● TASK OBJECTIVE
Find the number of lines below in which the word "textured" occurs. Write only that number.

[RECORD EXTRACTS Boundary: Start]

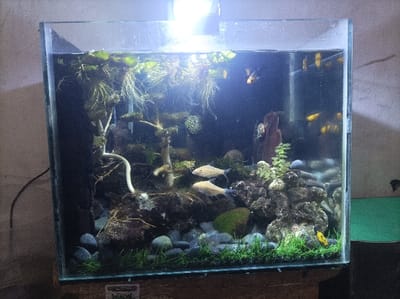 A rectangular glass aquarium, illuminated by a bright white LED fixture positioned above, is centrally placed indoors in the city of Pasir Muncang, Indonesia. The tank contains an active aquascape. Floating aquatic plants with extensive root systems populate the water surface, primarily on the left. The internal environment features two light-colored fish with dark fin tips swimming in the mid-ground. Near the upper right surface, one orange and black patterned fish is visible, accompanied by a group of multiple smaller yellow fish further in the background. A single small, bright yellow fish rests on the substrate in the lower right.
The aquascape's hardscape includes a prominent light-colored, multi-branched driftwood structure resembling a submerged tree on the left, with some sections covered in moss. The substrate is a mix of dark material and various sizes of grey and black rounded stones, over which a dense carpet of short, bright green grass-like aquatic plants grows in the foreground. On the right, dark, textured rocks rise from the substrate, supporting smaller green leafy plants. A distinct reddish-brown, vertical driftwood piece is positioned deeper in the right background.
The aquarium is positioned against a light brown, textured wall. A black electrical cable runs vertically behind the left side of the tank. A small, white sticker with green elements is adhered to the bottom front edge of the aquarium. A dark green surface is partially visible to the immediate right of the tank.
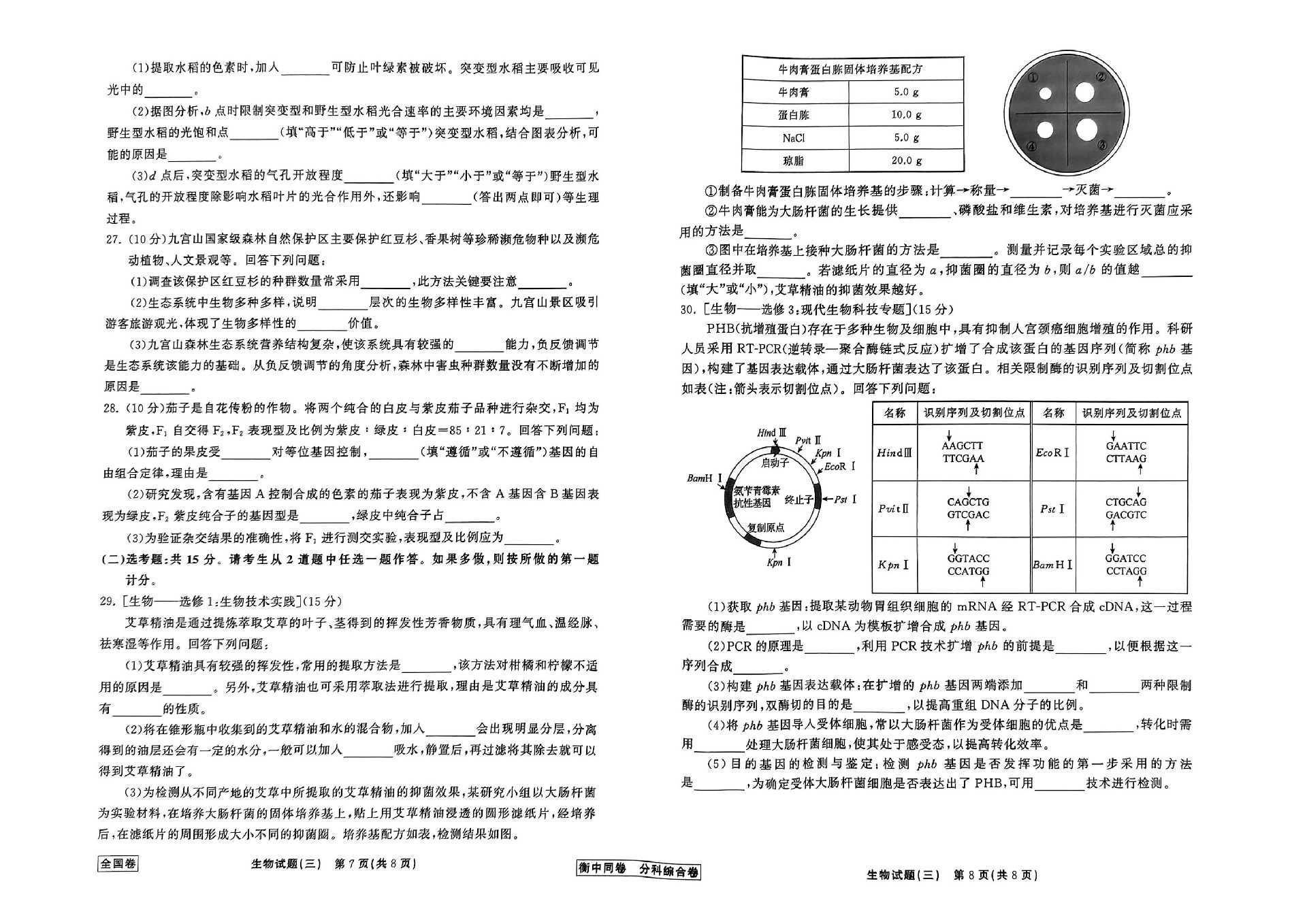 生物_11.jpg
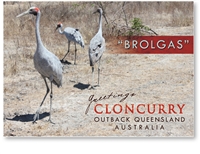 Brolgas - Standard Postcard  CLO-016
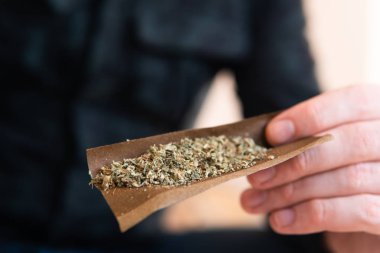 Adam marihuana yuvarlanan uyuşturucu kullanımı. Adam hazırlamak ve esrar esrar haddeleme Blunt. Uyuşturucu narkotik konsepti. Bağımlının yakın kadar marihuana kadar aydınlatma Blunt daha hafif. Yakın çekim.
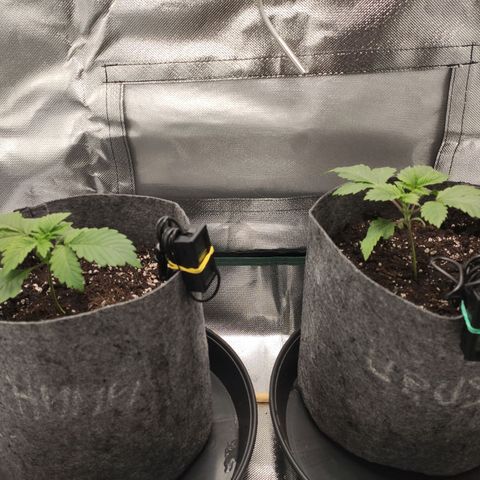 HMMM growlog photo: After watering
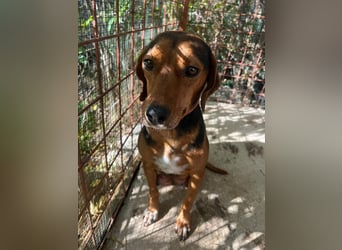 MARTA sucht ihr forever Home❤️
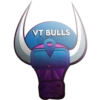 Virtual Tourist Token VT 7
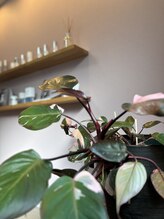 岩川治療院/カウンセリングルームの植物2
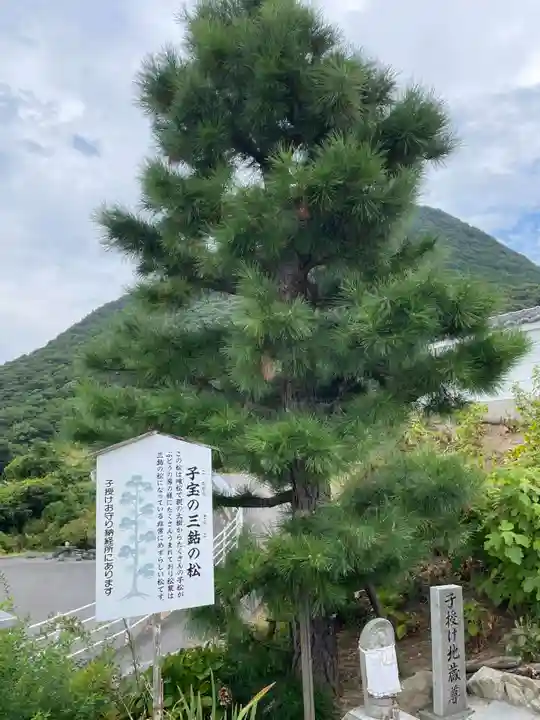 出釋迦寺(香川県)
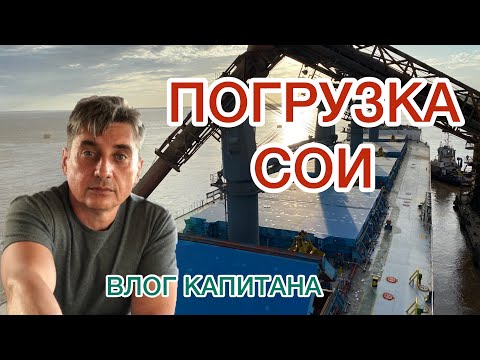 Видео: ПОГРУЗКА СОИ
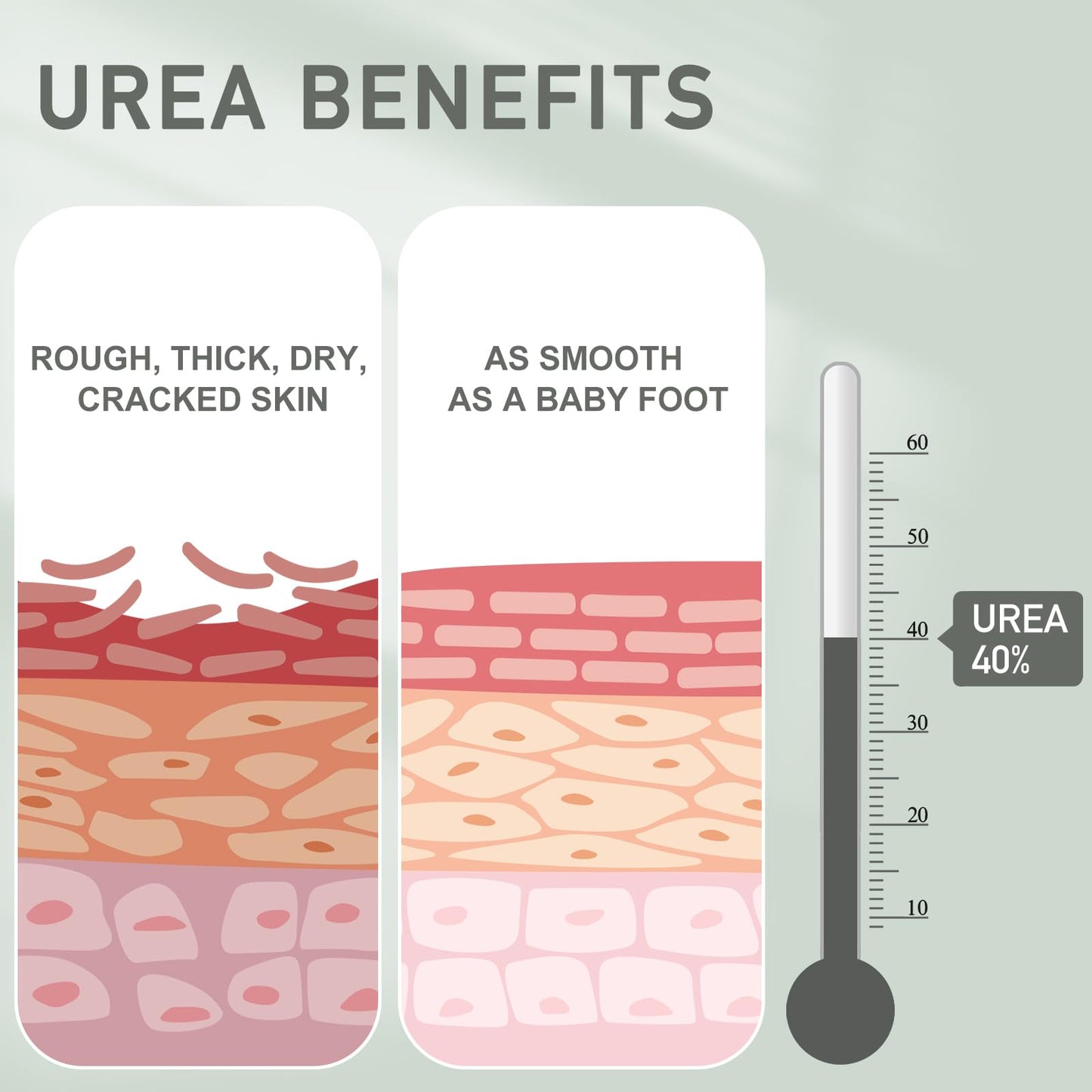 Mouriven 3 Packs Urea Cream 40 Percent - Foot & Hand Cream, for Dry, Cracked Heels, Feet, Knees, Elbows, and Hands, Callus Remover, Maximum Strength Urea Lotion for Softening and Moisturizing
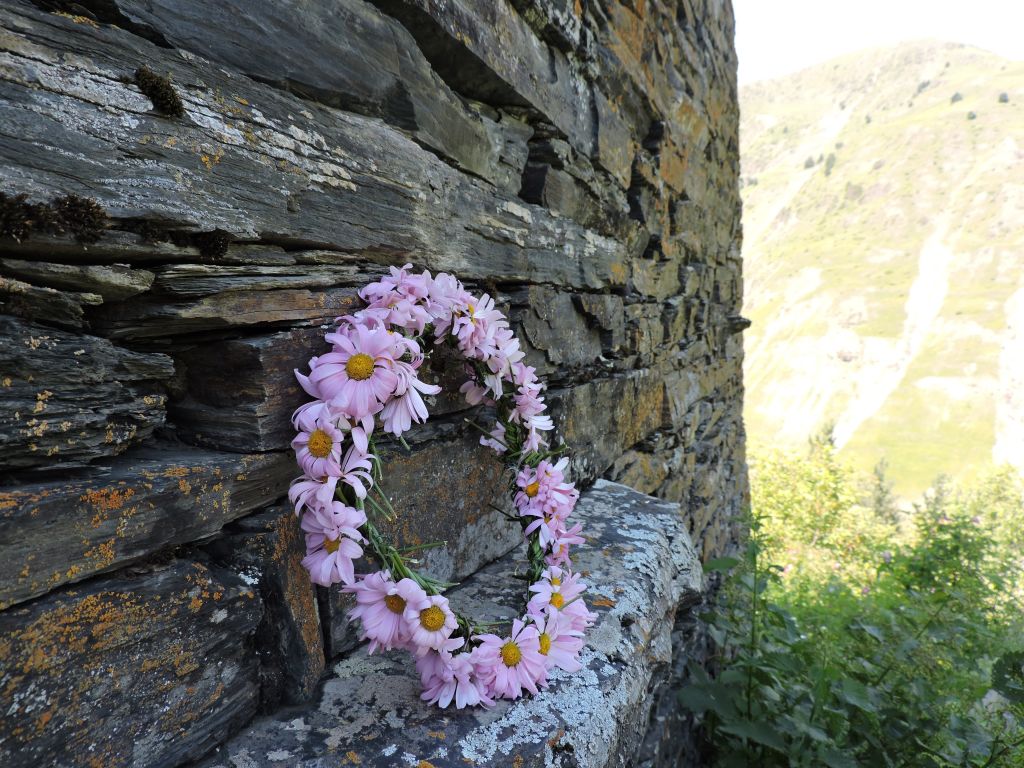 ტური თუშეთში, დღე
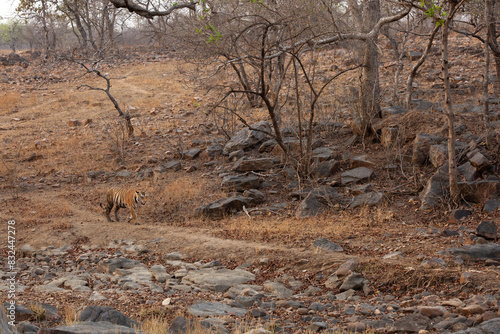 A tiger walking in its habitat at Panna Tiger Reserve, Madhya pradesh, India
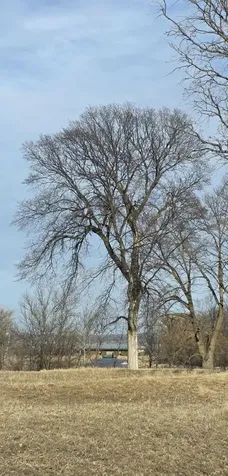 Lot 8 Branch Creek Road Detroit Lakes MN 56501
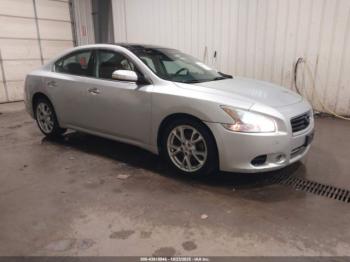  Salvage Nissan Maxima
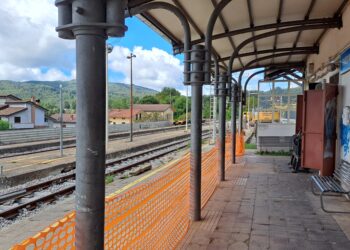 Incontro positivo tra Ferrovie della Calabria e i sindaci del Reventino-Savuto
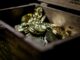 Massive Bitcoin Awakening: 2 Physical Coins Unlock $179 Million After 13 Years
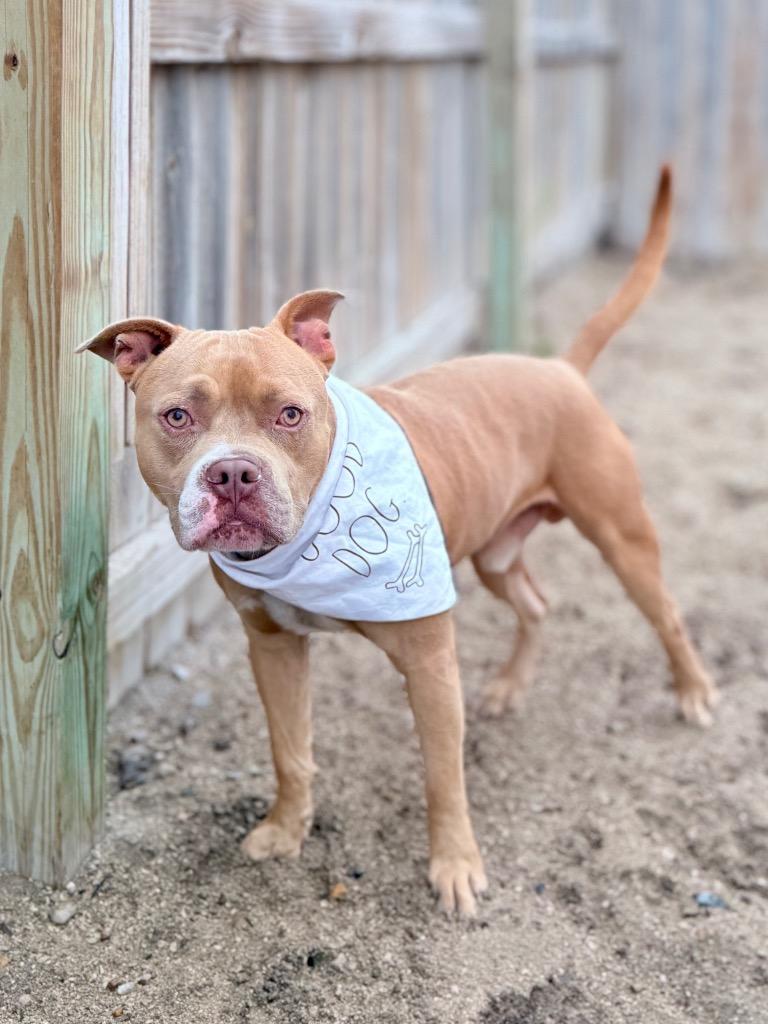 Enlarge Hal, a Adoptable Mixed Breed in Muskegon, MI image 3/6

[RECORD EXTRACTS Boundary: End]

● SOLUTION TO THE EXERCISE
2